● **What you need to do**: Give back exactly the lines starting at the one with "[The graph you" and ending at the last line of the data below. Pictures are not part of the copy.

● **Information supplied**:
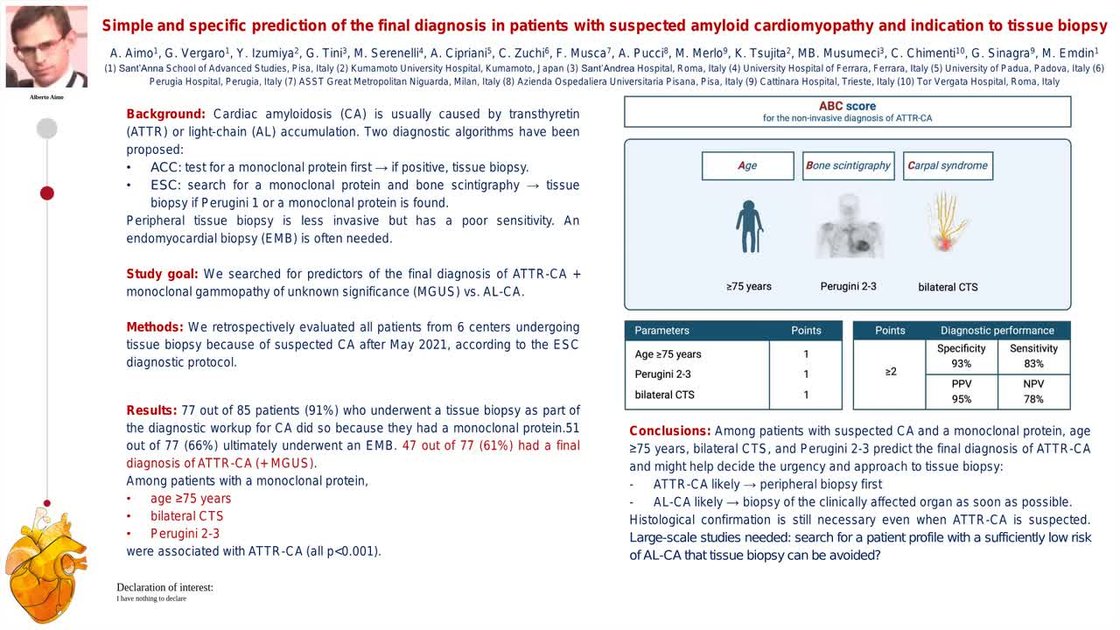 ESC 365 - Simple and specific prediction of the final diagnosis in ...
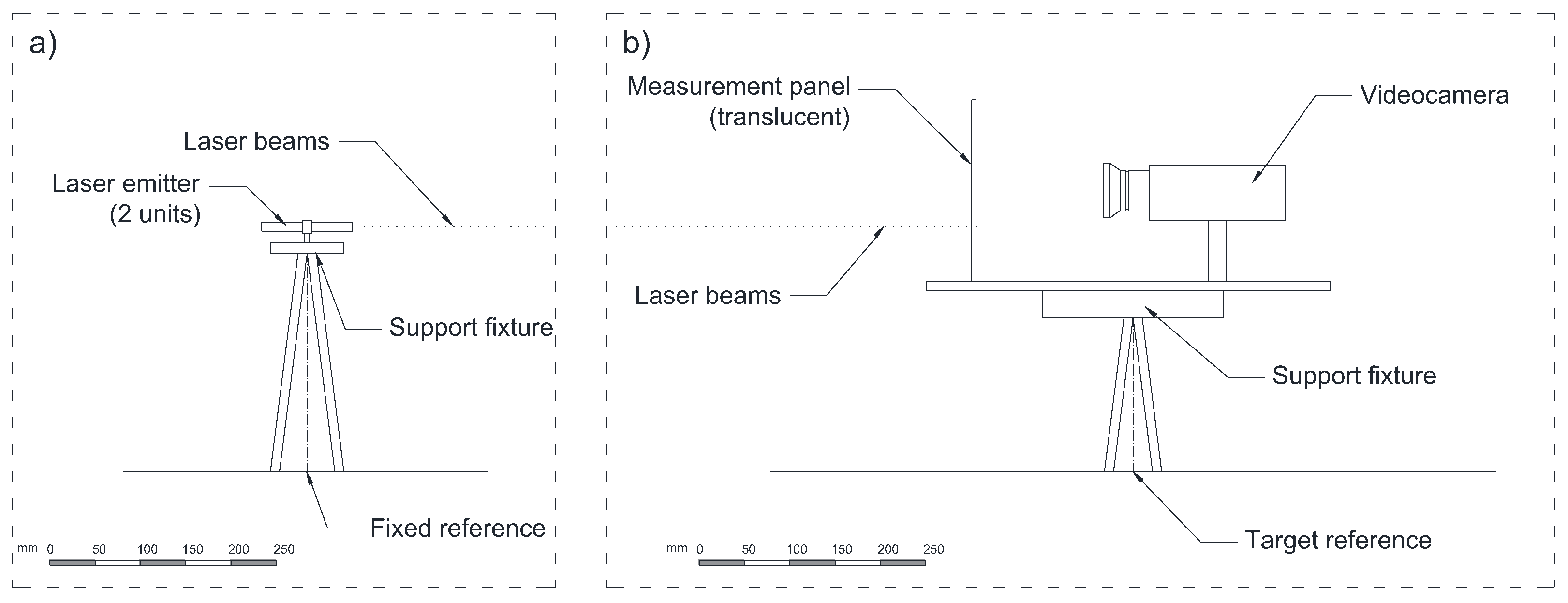 Sensors 18 00970 g001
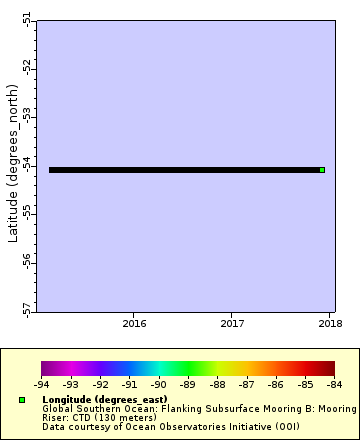 [The graph you specified. Please be patient.]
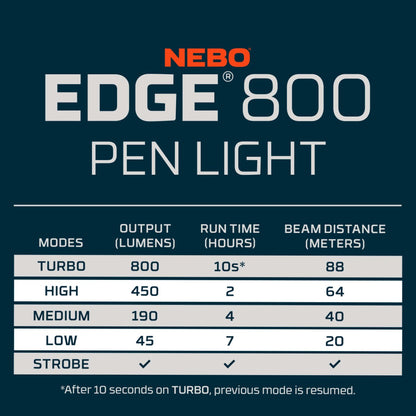 NEBO EDGE 800 Rechargeable 800 Lumen Pen Light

● **Exercise solution**:
 [The graph you specified. Please be patient.]
 NEBO EDGE 800 Rechargeable 800 Lumen Pen Light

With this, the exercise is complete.